(Stored items)

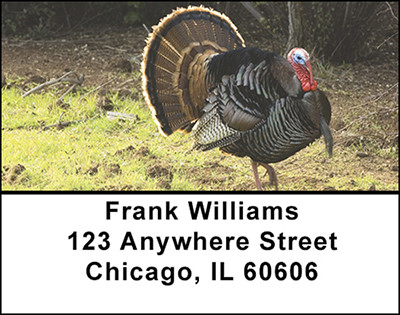 Wild Turkey's Address Labels | LBBAK-32
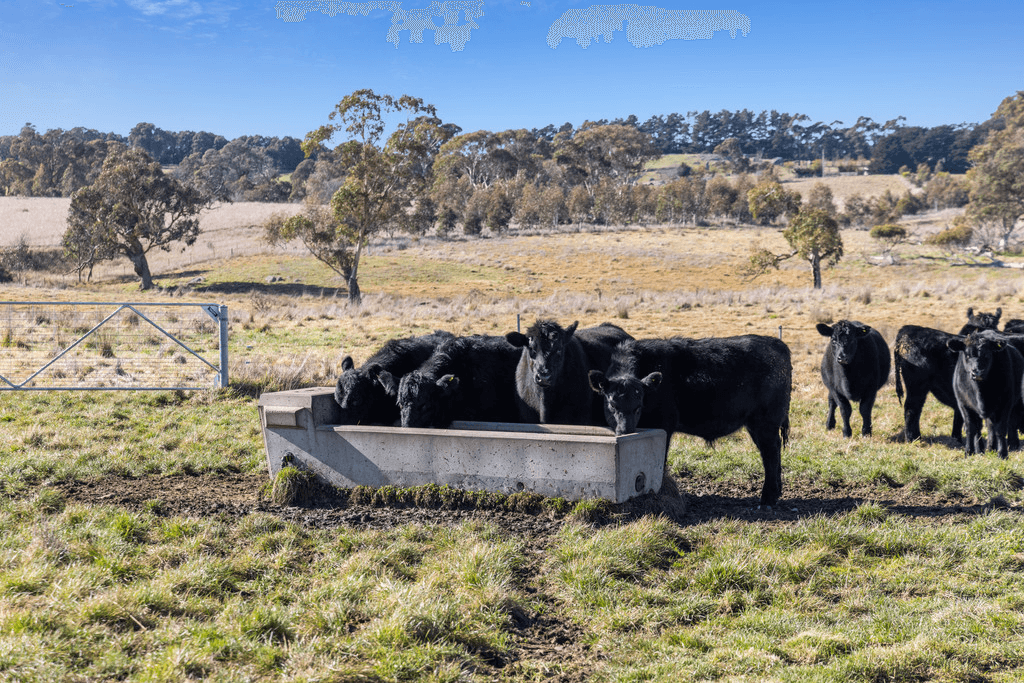 2258  Woodhouselee Road,, GOULBURN, NSW 2580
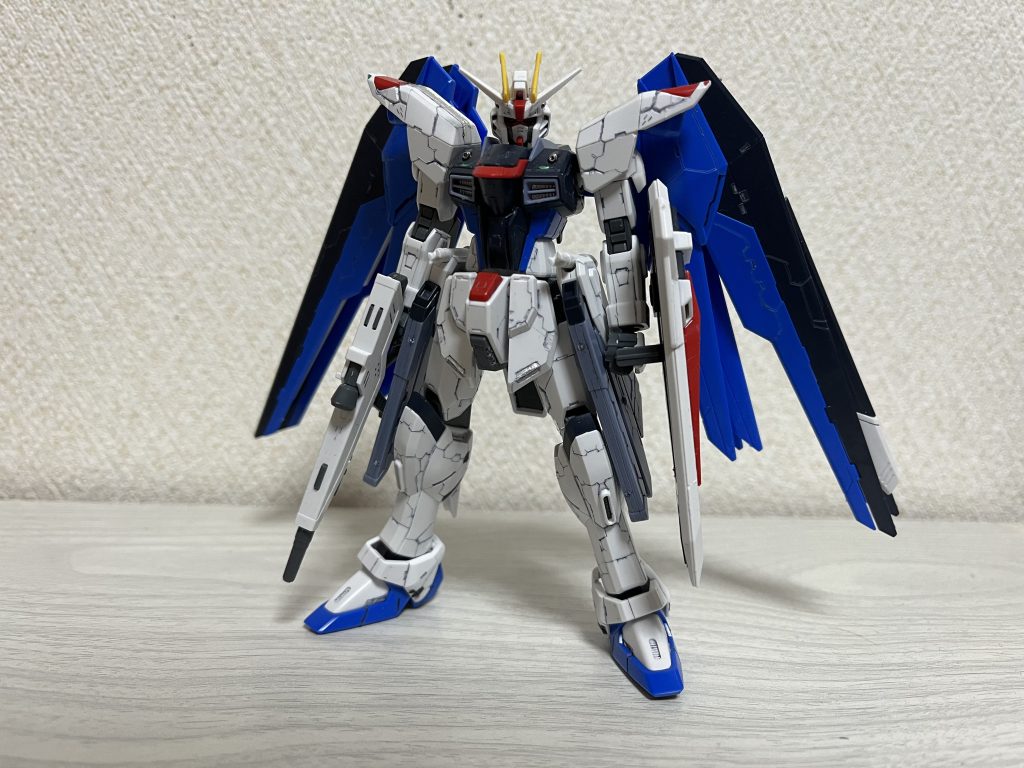 フリーダム ディテールアップ–2枚目/制作者：RKN-06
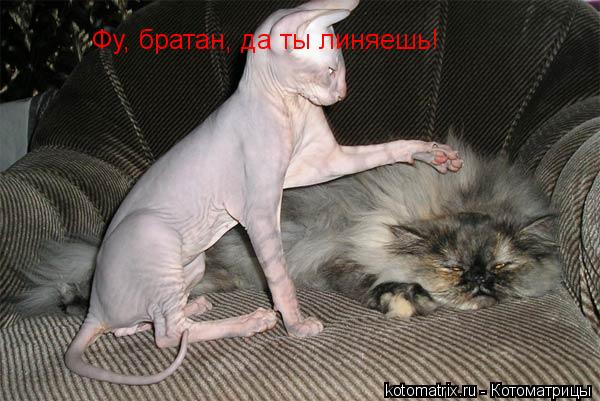 Котоматрица: Фу, братан, да ты линяешь!
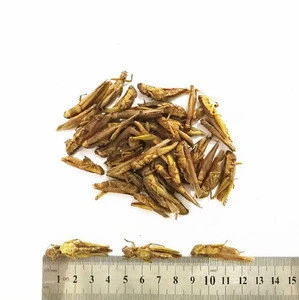 High Quality Factory Sell Bird Lizard Pet Food Dry Grasshopper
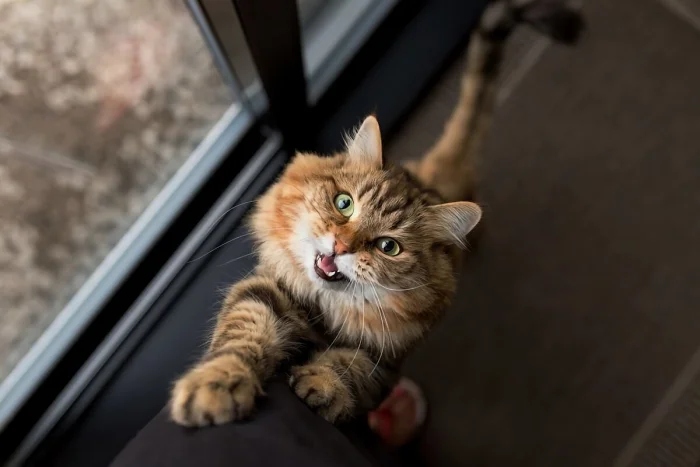 Очаровательные котики с гипнотическим взглядом, которые покорят ваше сердце Очаровательные котики с гипнотическим взглядом, которые покорят ваше сердце могут, заставить, Существует, котики, глаза, кошки, взгляд, можно, взгляда, лунного, 15Сила, пройдёшь, возражений, никаких, близка, божество, 11Истина, сопротивляйтесь, других, 9Домашнее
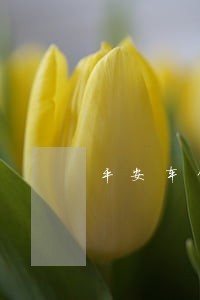 平安车贷逾期3天怎么办 平安车贷逾期3天怎么办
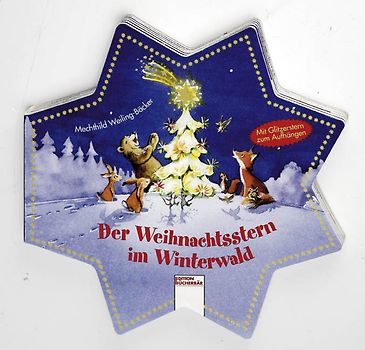 Der Weihnachtsstern im Winterwald
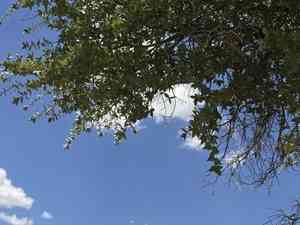 Emory Oak(Quercus emoryi)
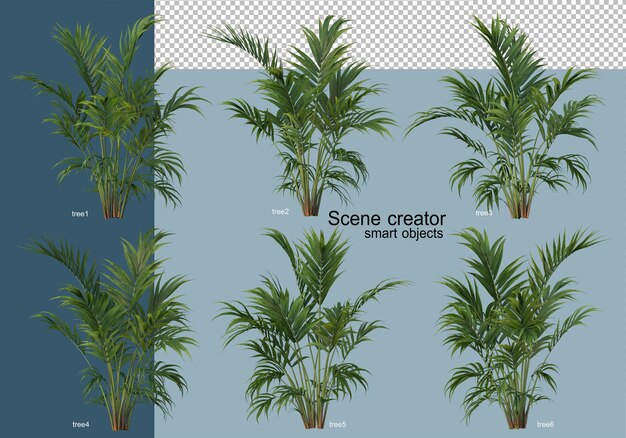 PSD renderização 3d de belas árvores em vários ângulos isolados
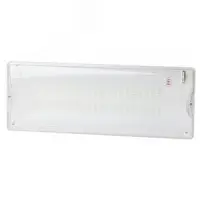 Светильник аварийный DPA-301-1-65 постоянный 40LED 3ч IP65 NiCD
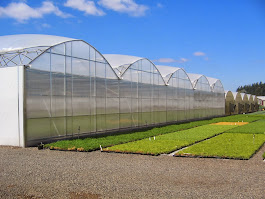 Greenhouse Design, Manufacturing and Construction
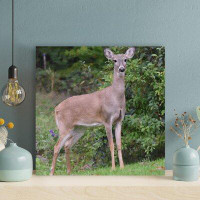 Loon Peak Grey Deer Near Plant - 1 Piece Square Graphic Art Print On Wrapped Canvas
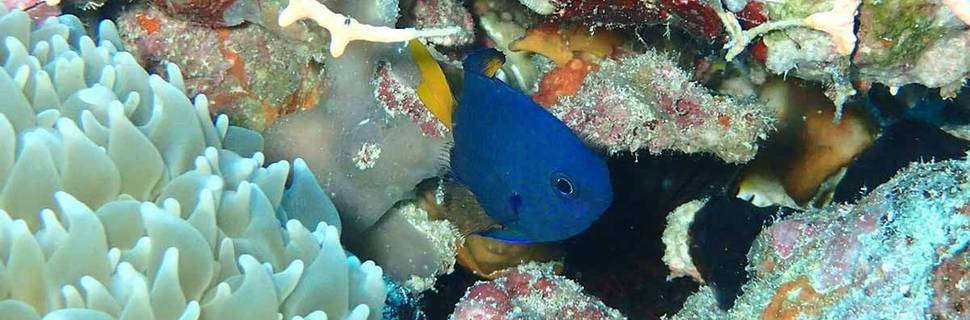 The Nautilus Dive Centre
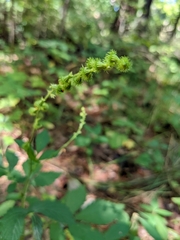 Agrimonia gryposepala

_About this exercise_:
Quote verbatim every line starting at the line that contains "Emory Oak(Quercus emoryi)" and ending with the last line of the records; omit all pictures.

_Answer_:
 Emory Oak(Quercus emoryi)
 PSD renderização 3d de belas árvores em vários ângulos isolados
 Светильник аварийный DPA-301-1-65 постоянный 40LED 3ч IP65 NiCD
 Greenhouse Design, Manufacturing and Construction
 Loon Peak Grey Deer Near Plant - 1 Piece Square Graphic Art Print On Wrapped Canvas
 The Nautilus Dive Centre
 Agrimonia gryposepala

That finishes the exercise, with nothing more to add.